'''

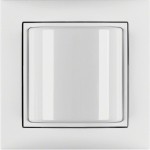Berker Lichtsignal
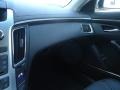 Black Raven - CTS 3.0 Sedan Photo No. 21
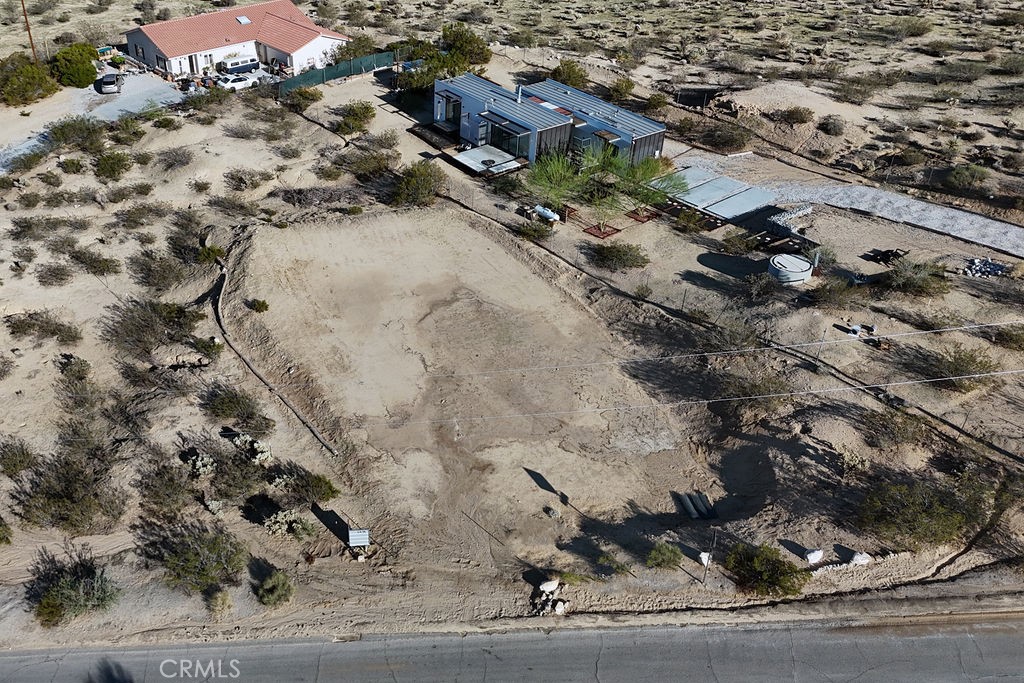 MLS #PW25229589 image #19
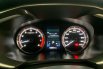 Mitsubishi Xpander Cross Black Edition AT 2021 Abu-abu 2
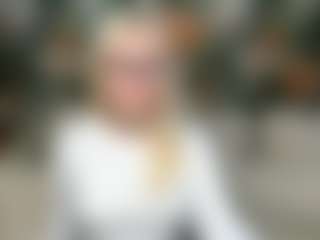 Velvettt-lun's Live Sex Cam Show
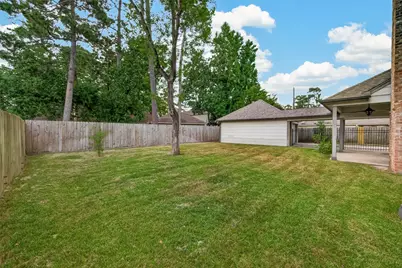 17723 Woodlode Lane, Spring, TX 77379 - Photo 46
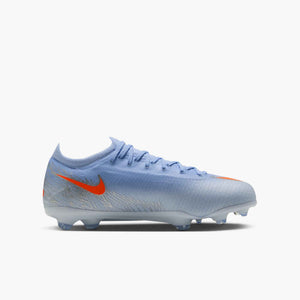 NIKE JR ZM VAPOR 17 PRO FG UNITED MULTI COLOR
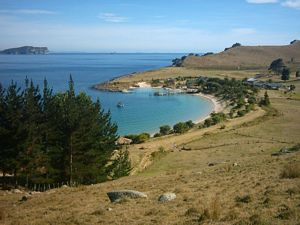 Image of slipperisland04homebay.jpg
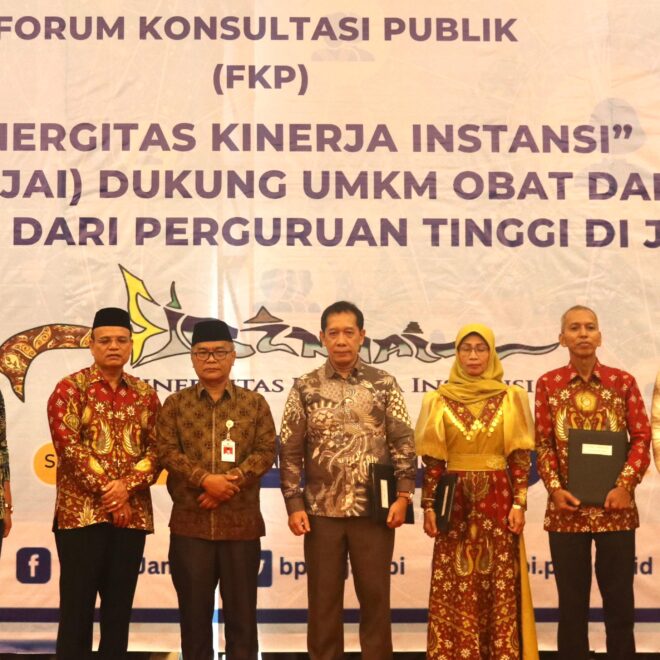 IMG 20240926 WA0027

'''

**Activity:** Return nothing except the lines from the line with "17723 Woodlode Lane, Spring, TX" through the last line of the records above, copied exactly and without pictures.

**Answer to this problem:**
 17723 Woodlode Lane, Spring, TX 77379 - Photo 46
 NIKE JR ZM VAPOR 17 PRO FG UNITED MULTI COLOR
 Image of slipperisland04homebay.jpg
 IMG 20240926 WA0027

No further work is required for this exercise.